Counting Sort in Java

# Counting Sort in Java

### Introduction

Sorting is one of the fundamental techniques used in solving problems, especially in those related to writing and implementing efficient algorithms.

Usually, sorting is paired with searching - meaning we first sort elements in the given collection, then search for something within it, as it is generally easier to search for something in a sorted, rather than an unsorted collection, as we can make educated guesses and impose assumptions on the data.

There are many algorithms that can efficiently sort elements, but in this guide we'll be taking a look at how to implement Counting Sort in Java.

### Counting Sort in Java

Counting Sort is a stable, non-comparative sorting algorithm, and it's main use is for sorting arrays of non-negative integers.

Counting Sort counts the number of objects that have distinct key values, and then applying a prefix sum on those counts to determine the position of each key in the output. Like all other non-comparative sorting algorithms, Counting Sort also performs the sort without any comparisons between the elements to be sorted. Also, being a stable sorting algorithm, Counting Sort preserves the order of the elements with equal keys sorted in the output array as they were in the original array.

This operation results in, essentially, a list of integer occurrences, which we typically name the count array. Counting Sort uses the auxilliary count array to determine the positions of elements:

Each index in the count array represents an element in the input array. The value associated with this index is the number of occurrences (the count) of the element in the input array.

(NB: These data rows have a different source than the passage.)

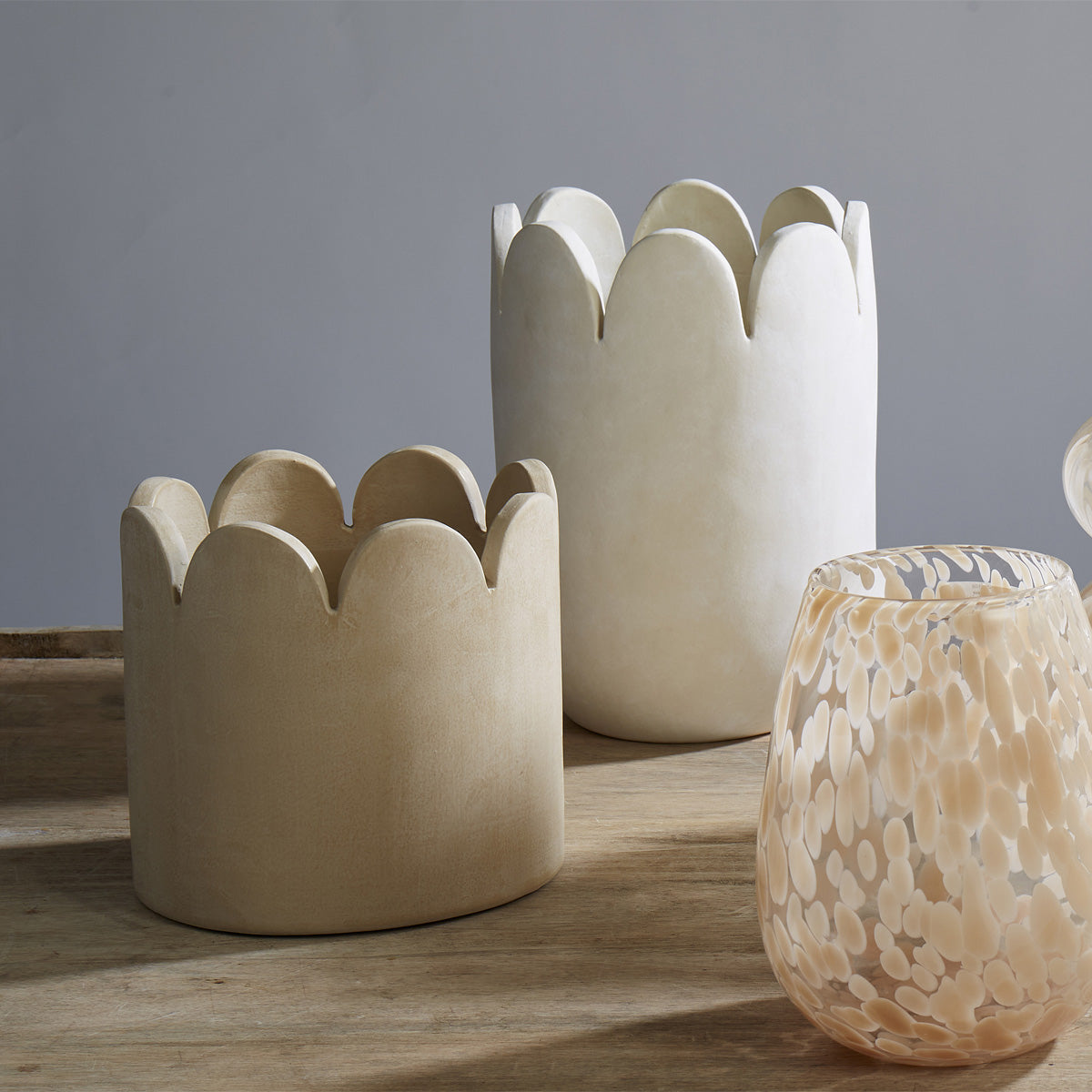 Ceramic Stone Wash Scalloped Vessel
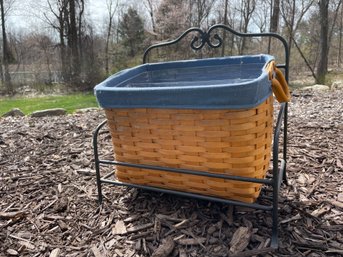 Longaberger Basket In A Metal Rack. (3)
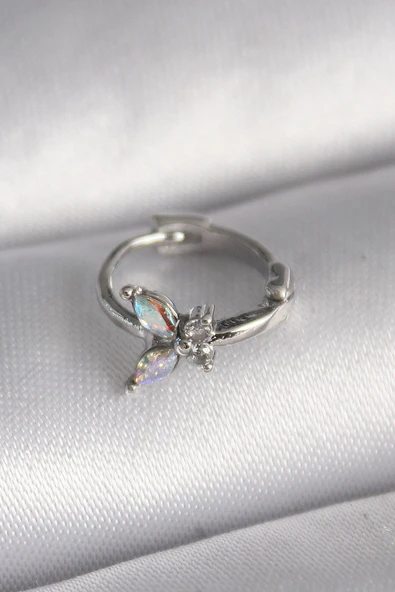 316L Çelik Gümüş Renk Zirkon Taşlı Kelebek Model Tragus Piercing ürün görseli 1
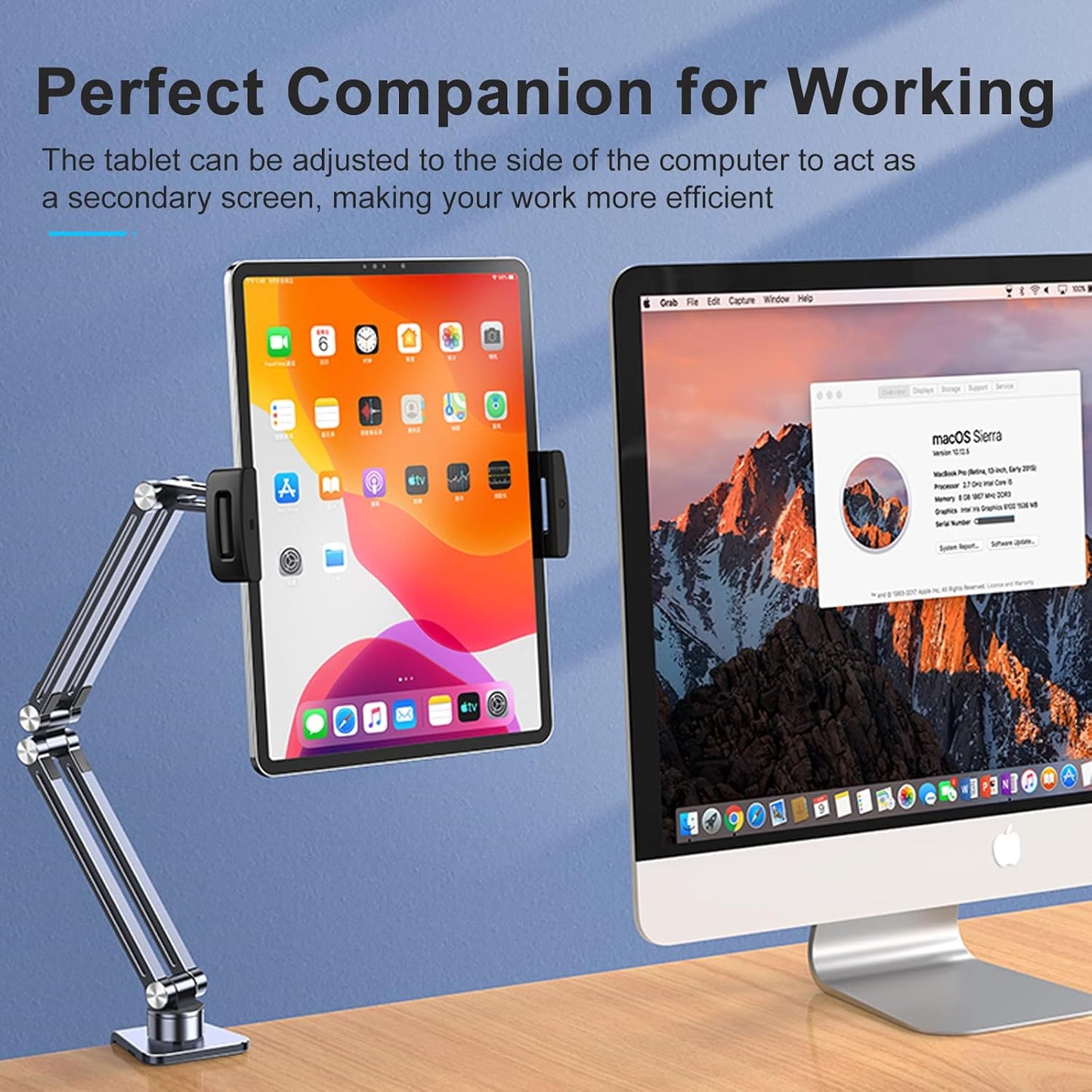 Universal 360 Degree Rotatable, Phone and Tablet Holder Bed Gooseneck Mount, Aluminum Long Arm Foldable Lazy Stand
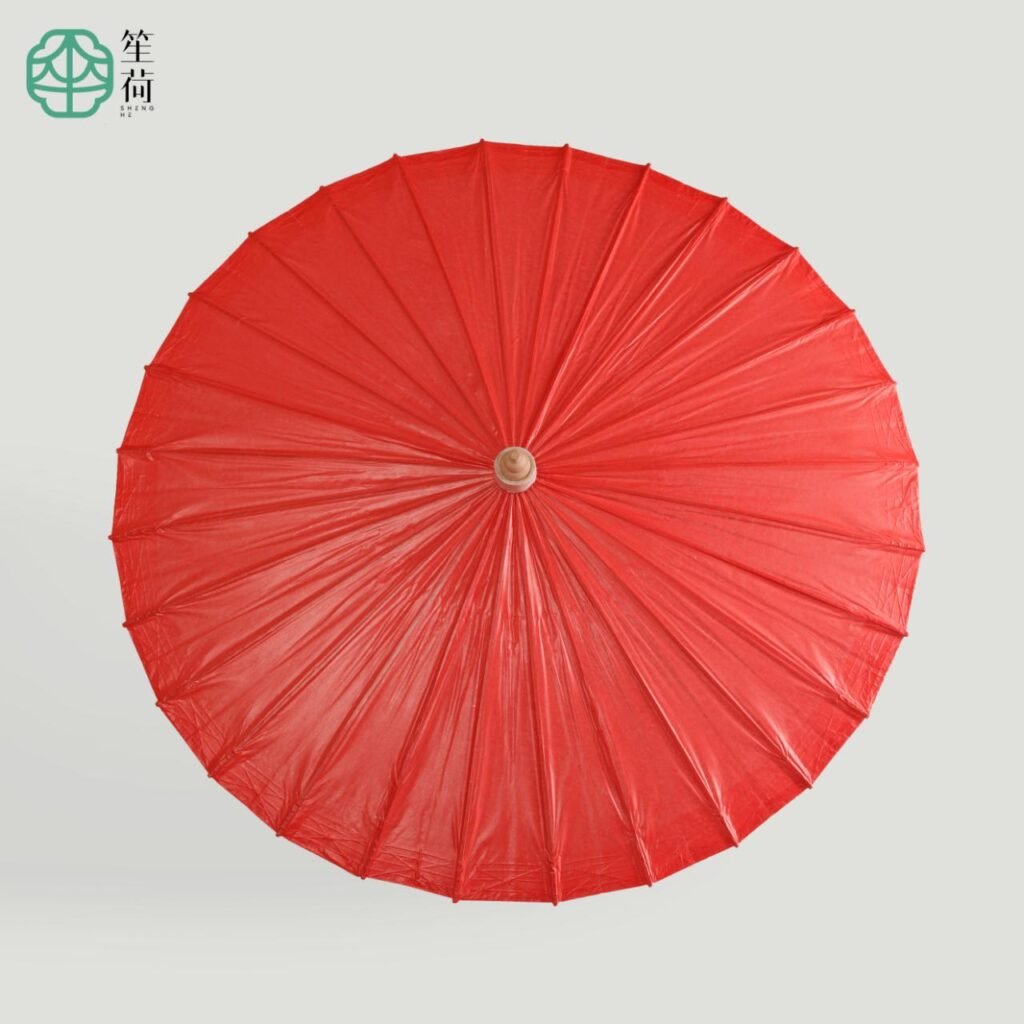 Open SHENGHE oil-paper umbrella, 赤朱丹彤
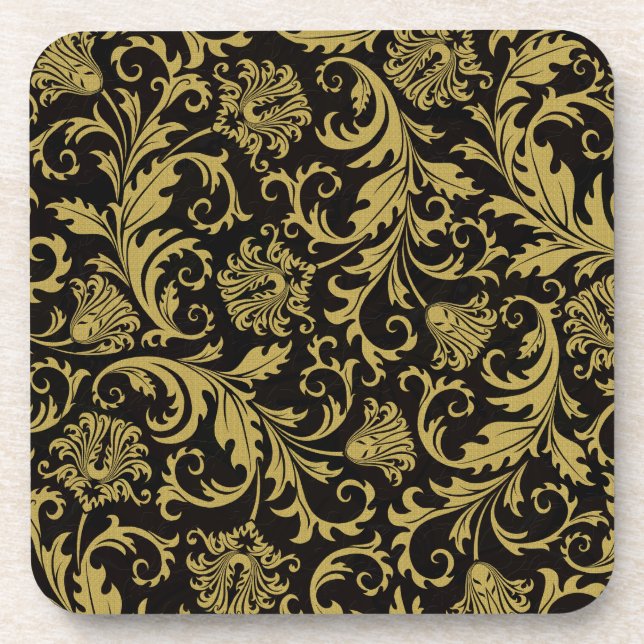Design-Muster für Verzierte schwarze und goldene B Getränkeuntersetzer (Vorderseite)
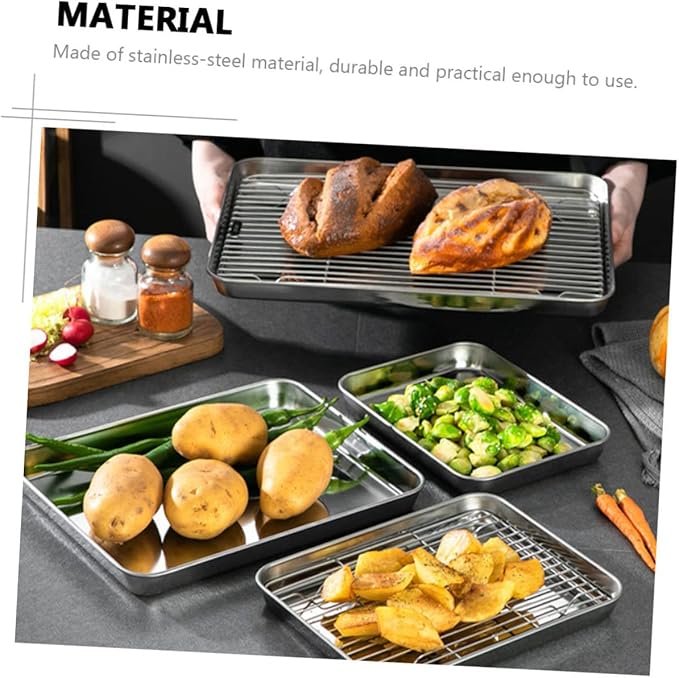 TIDTALEO Japanese Style Thickened Draining Rack Set Stainless Steel Baking Pan with Cooling Grid Tray for Baking Cooking and Food Preparation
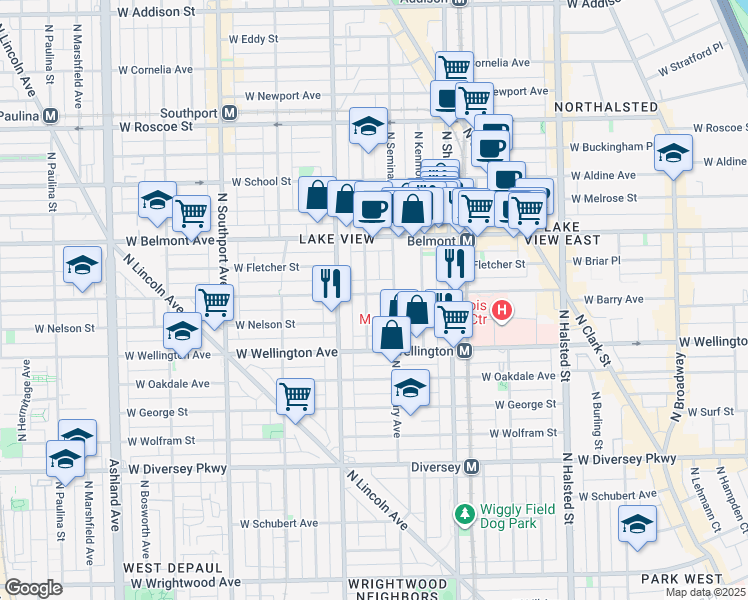map of restaurants, bars, coffee shops, grocery stores, and more near 3116 North Seminary Avenue in Chicago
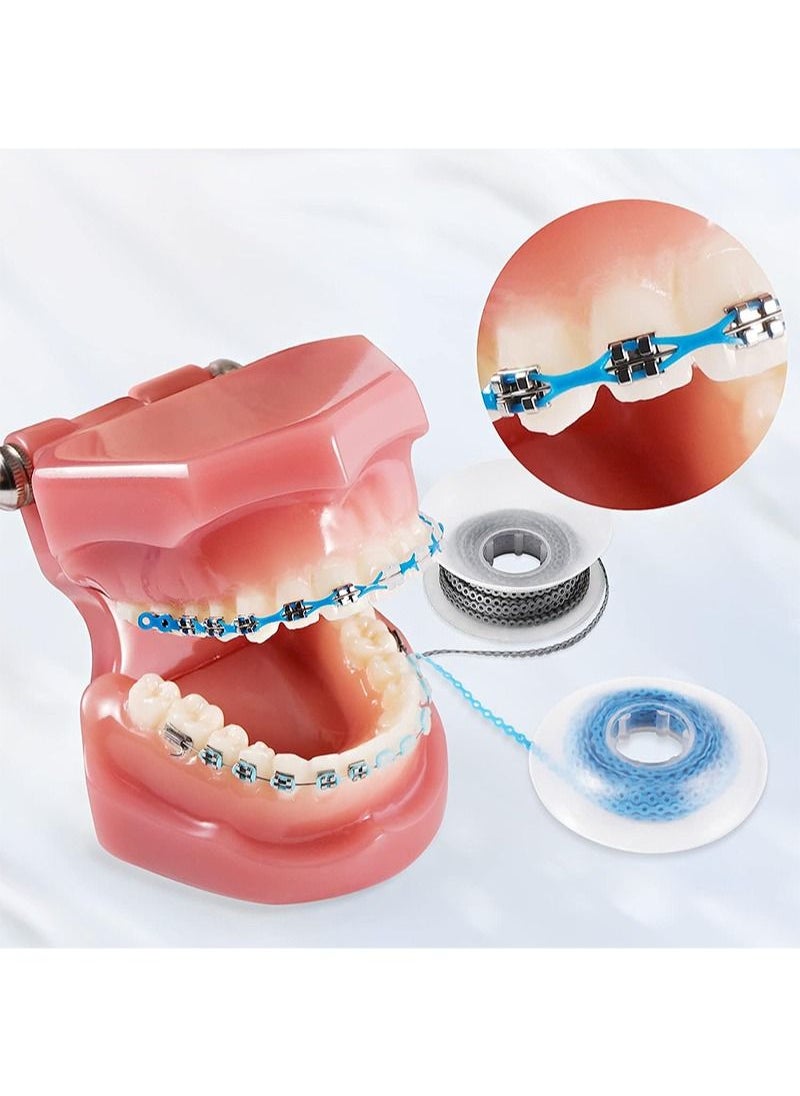 HaLunhi - 2 Rolls Of 2.28m Each Orthodontic Braces Rubber Chain，The Braces Dynamic Chain Consists Of A Short Filament Chain (Short，0.136 in (3.3 mm)，Prussian Blue) - Image 1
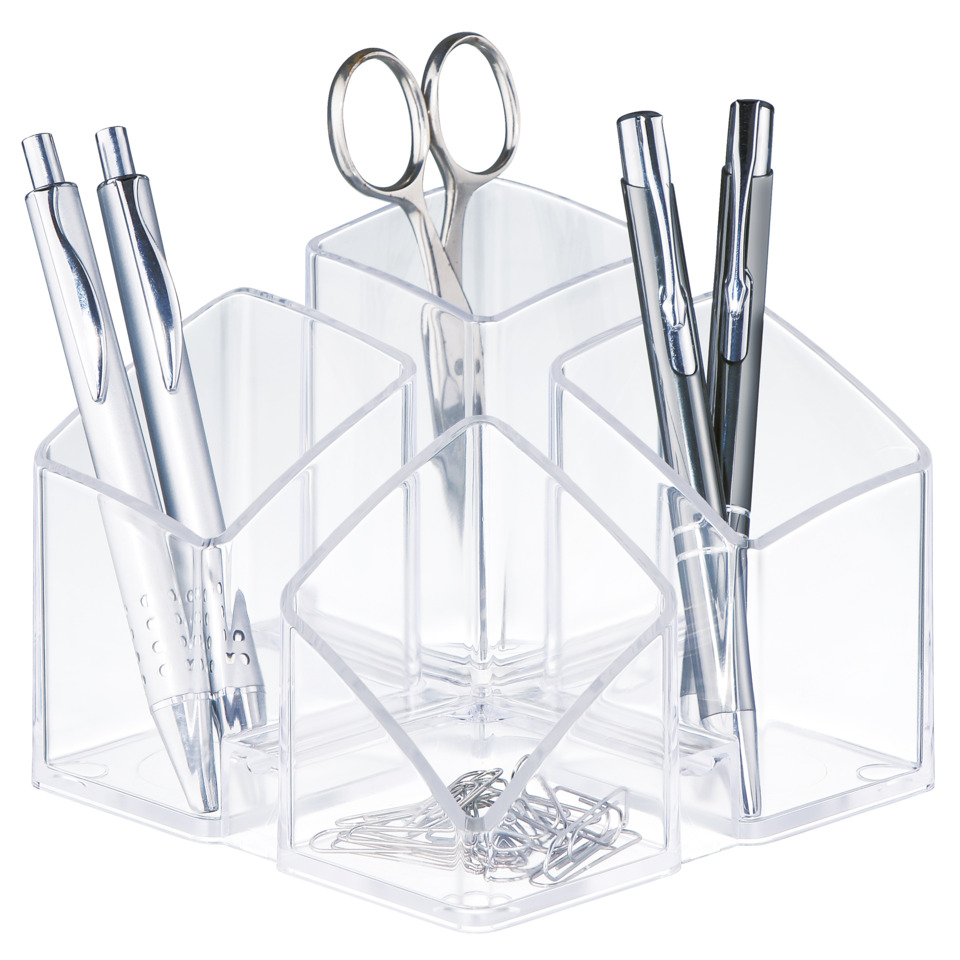 Schreibtischorganizer, Stifteköcher, Büroaccessoire, Klarplast, Scherenhalter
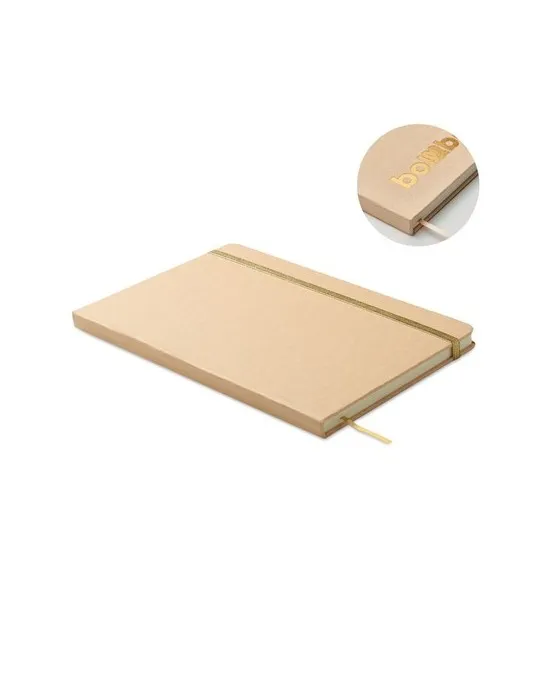 Carnet A5 publicitaire à couleur révélée ROUTE Matières : coton recyclé Couleurs : bleu personnalisable avec votre logo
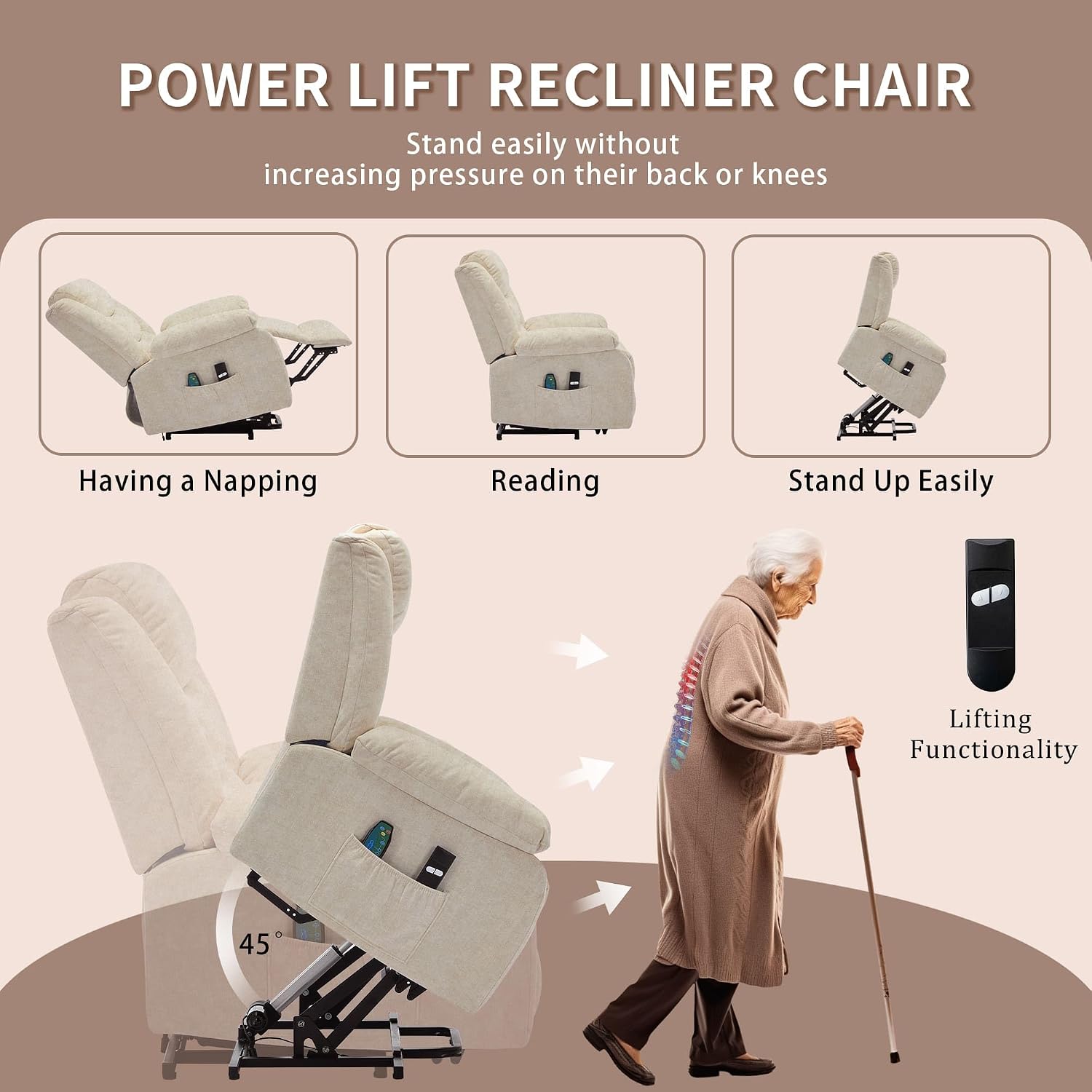 Korser Oversized Power Lift Recliner for Elderly, Extra Wide Electric Recliner Chairs with Massage and Heat, Reclining Chair with Side Pockets, Recliner for Living Room (Cashmere, Khaki)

The best way to get a feel of how Counting Sort works is by going through an example. Consider we have an array:

int[] arr = {0, 8, 4, 7, 9, 1, 1, 7};


For simplicity's sake, the elements in the array will only be single digits, that is numbers from 0 through 9. Since the largest value we can have is 9, let's label the maximum value as max = 9.

This is important because we'll need to designate a new count array, consisting of max + 1 elements. This array will be used for counting the number of occurrences of every digit within our original array we're given to sort, so we need to initialize the whole count array to 0, that is:

int[] countArray = {0, 0, 0, 0, 0, 0, 0, 0, 0, 0};


Since there are 10 possible elements our array can have, there are ten zero's for every single digit.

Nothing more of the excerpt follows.